(i) To find the coordinates of \(P\), set \(y = 3\sqrt{x} = x\). Solving for \(x\), we have:

\(3\sqrt{x} = x\)

\(3 = \sqrt{x}\)

\(x = 9\)

Thus, \(y = x = 9\), so \(P\) is (9, 9).

(ii) To find the area of the shaded region, calculate the area under the curve \(y = 3\sqrt{x}\) from \(x = 0\) to \(x = 9\), and subtract the area under the line \(y = x\) over the same interval.

The area under the curve \(y = 3\sqrt{x}\) is given by:

\(\int_0^9 3\sqrt{x} \, dx = \int_0^9 3x^{1/2} \, dx\)

\(= \left[ 3 \cdot \frac{2}{3} x^{3/2} \right]_0^9\)

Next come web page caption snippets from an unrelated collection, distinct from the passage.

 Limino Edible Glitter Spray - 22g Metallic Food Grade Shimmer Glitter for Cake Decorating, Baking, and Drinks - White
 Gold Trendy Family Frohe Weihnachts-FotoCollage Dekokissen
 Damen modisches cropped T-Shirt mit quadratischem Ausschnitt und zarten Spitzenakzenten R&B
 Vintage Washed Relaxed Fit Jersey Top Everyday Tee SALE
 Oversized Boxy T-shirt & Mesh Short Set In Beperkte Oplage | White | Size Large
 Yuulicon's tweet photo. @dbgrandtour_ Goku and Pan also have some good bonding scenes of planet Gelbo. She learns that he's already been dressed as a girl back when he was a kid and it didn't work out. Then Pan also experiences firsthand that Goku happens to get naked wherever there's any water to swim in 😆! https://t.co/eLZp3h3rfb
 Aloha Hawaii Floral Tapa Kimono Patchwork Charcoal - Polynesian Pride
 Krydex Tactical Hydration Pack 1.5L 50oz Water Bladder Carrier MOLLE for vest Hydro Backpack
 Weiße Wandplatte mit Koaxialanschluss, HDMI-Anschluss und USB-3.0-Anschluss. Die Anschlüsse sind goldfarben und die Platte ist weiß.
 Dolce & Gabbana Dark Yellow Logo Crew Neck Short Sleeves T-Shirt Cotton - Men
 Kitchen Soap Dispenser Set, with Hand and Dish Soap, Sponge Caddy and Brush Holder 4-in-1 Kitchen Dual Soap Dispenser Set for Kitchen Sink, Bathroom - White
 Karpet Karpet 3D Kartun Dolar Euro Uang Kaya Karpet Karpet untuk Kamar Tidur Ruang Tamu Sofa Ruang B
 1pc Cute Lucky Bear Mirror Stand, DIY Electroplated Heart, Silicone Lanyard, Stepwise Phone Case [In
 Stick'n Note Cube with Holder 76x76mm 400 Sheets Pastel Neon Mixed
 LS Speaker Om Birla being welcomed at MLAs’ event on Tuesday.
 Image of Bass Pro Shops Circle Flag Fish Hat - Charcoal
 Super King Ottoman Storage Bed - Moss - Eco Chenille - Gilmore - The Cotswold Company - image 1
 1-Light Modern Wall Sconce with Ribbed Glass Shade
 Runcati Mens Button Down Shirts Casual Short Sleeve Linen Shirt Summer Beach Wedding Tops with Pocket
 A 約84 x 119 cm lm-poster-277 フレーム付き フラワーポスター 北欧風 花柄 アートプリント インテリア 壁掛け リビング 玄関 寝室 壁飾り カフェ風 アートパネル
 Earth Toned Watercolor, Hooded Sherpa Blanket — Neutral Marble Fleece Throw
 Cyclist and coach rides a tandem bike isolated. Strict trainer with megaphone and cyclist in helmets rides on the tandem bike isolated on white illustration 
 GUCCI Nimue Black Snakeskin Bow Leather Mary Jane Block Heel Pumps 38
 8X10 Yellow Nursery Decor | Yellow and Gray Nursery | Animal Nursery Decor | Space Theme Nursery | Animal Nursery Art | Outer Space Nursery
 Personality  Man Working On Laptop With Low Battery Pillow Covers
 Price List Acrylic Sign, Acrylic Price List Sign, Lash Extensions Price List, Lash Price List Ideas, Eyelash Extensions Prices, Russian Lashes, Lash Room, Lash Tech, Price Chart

\(= \left[ 2x^{3/2} \right]_0^9\)

\(= 2(9^{3/2}) - 2(0^{3/2})\)

\(= 2(27)\)

\(= 54\)

The area under the line \(y = x\) is the area of a right triangle with base and height of 9:

\(\frac{1}{2} \times 9 \times 9 = 40.5\)

Thus, the area of the shaded region is:

\(54 - 40.5 = 13.5\)